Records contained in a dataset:
□ □ □ □

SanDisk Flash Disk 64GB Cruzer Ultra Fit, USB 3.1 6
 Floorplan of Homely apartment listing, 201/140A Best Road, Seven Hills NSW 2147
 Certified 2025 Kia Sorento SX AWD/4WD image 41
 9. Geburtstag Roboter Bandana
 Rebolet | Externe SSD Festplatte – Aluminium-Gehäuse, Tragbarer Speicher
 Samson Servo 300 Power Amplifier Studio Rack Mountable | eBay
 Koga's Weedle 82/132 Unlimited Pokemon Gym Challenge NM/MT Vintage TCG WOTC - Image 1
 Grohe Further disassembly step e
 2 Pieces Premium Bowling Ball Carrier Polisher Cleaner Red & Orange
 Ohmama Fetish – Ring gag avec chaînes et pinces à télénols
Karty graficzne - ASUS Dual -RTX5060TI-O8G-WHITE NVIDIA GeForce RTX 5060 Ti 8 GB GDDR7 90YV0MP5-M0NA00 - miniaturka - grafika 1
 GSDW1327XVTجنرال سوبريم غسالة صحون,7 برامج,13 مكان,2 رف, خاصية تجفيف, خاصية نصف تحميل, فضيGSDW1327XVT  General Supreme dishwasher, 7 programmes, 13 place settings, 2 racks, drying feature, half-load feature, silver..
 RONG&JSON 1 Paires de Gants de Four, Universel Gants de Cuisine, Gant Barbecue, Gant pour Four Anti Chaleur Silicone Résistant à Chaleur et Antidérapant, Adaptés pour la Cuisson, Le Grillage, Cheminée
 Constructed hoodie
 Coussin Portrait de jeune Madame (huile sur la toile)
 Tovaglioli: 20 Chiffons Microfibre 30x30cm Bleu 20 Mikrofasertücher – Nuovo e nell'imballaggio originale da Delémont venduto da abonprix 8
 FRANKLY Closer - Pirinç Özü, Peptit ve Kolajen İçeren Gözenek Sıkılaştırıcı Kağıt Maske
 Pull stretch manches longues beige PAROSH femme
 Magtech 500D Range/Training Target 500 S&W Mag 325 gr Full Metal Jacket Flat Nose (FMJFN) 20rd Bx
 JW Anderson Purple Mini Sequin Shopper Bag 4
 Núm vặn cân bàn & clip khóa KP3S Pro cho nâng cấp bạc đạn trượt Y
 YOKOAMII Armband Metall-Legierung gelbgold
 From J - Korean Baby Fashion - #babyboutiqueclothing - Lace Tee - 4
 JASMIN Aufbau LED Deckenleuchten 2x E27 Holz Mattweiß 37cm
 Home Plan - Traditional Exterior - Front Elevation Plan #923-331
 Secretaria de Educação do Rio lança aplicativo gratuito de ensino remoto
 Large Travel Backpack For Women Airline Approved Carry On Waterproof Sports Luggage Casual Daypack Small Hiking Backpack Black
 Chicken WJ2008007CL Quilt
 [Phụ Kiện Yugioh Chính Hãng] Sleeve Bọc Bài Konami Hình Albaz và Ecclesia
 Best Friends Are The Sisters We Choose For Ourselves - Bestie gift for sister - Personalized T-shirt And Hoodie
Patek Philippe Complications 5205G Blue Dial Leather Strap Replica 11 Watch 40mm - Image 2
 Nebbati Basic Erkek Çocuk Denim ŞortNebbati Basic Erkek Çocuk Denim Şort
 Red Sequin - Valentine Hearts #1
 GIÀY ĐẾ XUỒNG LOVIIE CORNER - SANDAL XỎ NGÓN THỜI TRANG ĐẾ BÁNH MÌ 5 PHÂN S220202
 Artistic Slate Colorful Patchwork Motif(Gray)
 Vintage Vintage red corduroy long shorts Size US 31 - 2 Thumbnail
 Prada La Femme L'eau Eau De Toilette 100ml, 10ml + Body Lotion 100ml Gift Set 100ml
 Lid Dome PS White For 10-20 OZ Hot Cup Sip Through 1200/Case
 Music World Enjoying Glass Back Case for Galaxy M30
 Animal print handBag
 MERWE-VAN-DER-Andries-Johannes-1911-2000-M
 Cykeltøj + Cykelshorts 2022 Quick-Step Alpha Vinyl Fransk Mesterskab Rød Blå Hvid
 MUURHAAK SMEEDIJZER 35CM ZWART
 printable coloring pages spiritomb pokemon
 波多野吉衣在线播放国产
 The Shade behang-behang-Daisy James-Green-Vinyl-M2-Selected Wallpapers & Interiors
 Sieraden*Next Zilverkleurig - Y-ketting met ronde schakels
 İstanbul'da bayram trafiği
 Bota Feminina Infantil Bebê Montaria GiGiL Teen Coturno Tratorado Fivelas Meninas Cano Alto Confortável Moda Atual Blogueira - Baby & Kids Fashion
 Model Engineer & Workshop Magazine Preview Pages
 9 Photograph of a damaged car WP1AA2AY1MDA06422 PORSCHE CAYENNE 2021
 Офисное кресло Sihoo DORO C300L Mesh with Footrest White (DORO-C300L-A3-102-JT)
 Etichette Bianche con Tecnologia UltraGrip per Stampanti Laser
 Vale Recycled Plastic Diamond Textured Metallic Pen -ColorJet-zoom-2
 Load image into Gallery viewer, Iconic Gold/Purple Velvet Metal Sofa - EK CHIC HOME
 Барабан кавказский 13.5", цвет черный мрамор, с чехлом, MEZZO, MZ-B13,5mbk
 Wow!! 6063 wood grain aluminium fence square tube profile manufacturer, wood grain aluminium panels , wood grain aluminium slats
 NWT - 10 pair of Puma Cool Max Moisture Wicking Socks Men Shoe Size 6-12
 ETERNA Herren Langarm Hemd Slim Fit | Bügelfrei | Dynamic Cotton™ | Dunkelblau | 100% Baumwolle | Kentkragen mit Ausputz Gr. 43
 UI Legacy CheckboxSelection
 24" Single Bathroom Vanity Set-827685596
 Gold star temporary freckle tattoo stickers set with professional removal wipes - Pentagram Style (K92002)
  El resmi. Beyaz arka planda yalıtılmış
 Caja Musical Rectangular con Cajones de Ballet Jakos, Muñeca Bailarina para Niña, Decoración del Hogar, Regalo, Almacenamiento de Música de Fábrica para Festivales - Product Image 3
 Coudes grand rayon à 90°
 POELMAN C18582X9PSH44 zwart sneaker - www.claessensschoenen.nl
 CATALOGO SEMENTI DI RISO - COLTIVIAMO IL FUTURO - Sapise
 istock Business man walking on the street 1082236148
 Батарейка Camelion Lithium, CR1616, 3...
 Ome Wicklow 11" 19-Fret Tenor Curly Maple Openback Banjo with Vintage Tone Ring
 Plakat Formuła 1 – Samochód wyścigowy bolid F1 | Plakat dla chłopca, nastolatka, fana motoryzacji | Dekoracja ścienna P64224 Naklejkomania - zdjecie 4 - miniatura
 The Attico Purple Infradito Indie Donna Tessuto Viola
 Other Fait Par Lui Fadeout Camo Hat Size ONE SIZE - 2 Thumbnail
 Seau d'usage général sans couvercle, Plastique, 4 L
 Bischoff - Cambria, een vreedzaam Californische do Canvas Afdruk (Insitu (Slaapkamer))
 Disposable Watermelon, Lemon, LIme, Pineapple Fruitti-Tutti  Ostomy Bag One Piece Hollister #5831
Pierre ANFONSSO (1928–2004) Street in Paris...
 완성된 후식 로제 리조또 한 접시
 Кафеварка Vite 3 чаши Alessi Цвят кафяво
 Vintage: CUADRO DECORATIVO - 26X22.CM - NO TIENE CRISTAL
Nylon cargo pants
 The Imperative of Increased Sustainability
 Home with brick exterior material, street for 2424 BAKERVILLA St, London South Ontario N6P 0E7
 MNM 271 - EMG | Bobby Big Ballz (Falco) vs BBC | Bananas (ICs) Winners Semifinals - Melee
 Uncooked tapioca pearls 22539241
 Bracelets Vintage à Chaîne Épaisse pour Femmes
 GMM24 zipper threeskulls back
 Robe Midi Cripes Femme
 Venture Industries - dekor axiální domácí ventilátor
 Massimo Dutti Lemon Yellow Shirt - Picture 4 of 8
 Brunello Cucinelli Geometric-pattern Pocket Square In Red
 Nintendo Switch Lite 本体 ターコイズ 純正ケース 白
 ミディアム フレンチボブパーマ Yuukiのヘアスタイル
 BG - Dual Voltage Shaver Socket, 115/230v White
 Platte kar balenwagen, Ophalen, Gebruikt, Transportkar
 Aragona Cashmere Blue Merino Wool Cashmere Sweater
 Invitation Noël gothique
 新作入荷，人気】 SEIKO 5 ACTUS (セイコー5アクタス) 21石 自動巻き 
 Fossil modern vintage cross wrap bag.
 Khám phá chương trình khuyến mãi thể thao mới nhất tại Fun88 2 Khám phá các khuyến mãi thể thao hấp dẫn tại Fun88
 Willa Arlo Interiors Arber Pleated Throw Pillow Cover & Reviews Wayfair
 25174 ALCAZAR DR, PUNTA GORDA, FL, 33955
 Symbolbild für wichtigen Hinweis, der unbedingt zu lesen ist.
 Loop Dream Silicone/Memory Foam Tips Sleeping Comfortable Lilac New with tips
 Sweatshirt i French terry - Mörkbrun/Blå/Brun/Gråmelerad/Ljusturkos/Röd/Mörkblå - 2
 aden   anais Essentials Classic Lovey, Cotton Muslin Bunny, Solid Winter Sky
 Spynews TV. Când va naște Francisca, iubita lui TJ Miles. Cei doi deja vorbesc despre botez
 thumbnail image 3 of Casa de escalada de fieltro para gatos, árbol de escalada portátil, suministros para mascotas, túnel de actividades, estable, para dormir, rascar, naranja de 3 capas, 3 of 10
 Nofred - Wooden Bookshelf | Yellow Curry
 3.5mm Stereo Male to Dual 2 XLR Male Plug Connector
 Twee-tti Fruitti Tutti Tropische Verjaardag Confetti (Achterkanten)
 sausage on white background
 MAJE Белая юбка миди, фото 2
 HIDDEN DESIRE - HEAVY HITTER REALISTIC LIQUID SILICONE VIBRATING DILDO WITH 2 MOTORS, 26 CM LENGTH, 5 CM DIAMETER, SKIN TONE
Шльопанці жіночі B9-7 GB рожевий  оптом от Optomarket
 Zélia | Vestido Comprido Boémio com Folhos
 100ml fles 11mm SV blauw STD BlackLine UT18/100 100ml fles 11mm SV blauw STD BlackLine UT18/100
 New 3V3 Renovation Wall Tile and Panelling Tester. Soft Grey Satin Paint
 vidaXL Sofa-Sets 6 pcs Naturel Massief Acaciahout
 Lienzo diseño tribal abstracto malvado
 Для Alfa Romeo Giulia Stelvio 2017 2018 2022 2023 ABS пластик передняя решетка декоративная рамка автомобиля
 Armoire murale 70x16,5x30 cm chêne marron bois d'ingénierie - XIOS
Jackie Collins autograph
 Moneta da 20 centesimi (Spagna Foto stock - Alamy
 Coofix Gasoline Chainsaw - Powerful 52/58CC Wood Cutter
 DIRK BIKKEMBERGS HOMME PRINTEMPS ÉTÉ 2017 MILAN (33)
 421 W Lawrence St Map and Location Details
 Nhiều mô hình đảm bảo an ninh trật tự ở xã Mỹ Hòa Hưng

□ □ □ □

• Requirement: Repeat word for word every line from the start of the entries to the line holding "Samson Servo 300", inclusive, and nothing else.

• Reply to the task:
SanDisk Flash Disk 64GB Cruzer Ultra Fit, USB 3.1 6
 Floorplan of Homely apartment listing, 201/140A Best Road, Seven Hills NSW 2147
 Certified 2025 Kia Sorento SX AWD/4WD image 41
 9. Geburtstag Roboter Bandana
 Rebolet | Externe SSD Festplatte – Aluminium-Gehäuse, Tragbarer Speicher
 Samson Servo 300 Power Amplifier Studio Rack Mountable | eBay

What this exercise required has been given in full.